Extract, in full, the lines below, beginning at the first and ending with the line that contains "Dennis Basso zip-snap-front". Pictures do not belong in the copy.
Dataset extract below:
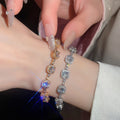 18K Gold Plated Copper Zircon Square Beaded Bracelet Light Luxury Geometric Jewelry For Women view 2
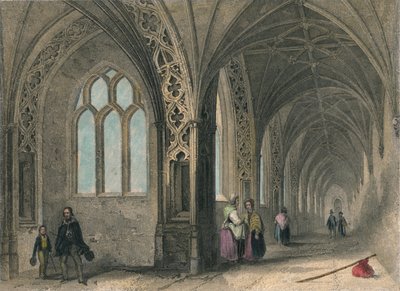 Catedral de Worcester. Los claustros, 1836 de Henry Winkles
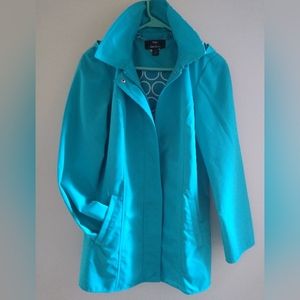 Dennis Basso zip-snap-front water Resistant women jacket with Detachable hood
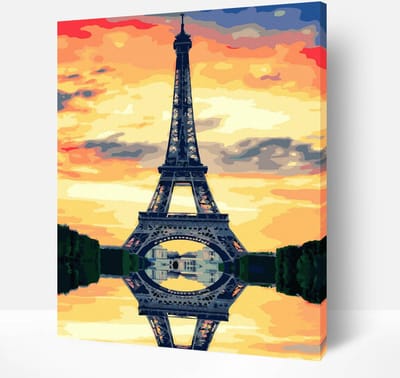 Schilderen Op Nummer Volwassenen DIY Paint By Number Compleet Hobby Pakket op Frame met Vernis - ®Arty Bee - Eiffeltower 40x50cm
End of Dataset extract.
_Task solution_
 18K Gold Plated Copper Zircon Square Beaded Bracelet Light Luxury Geometric Jewelry For Women view 2
 Catedral de Worcester. Los claustros, 1836 de Henry Winkles
 Dennis Basso zip-snap-front water Resistant women jacket with Detachable hood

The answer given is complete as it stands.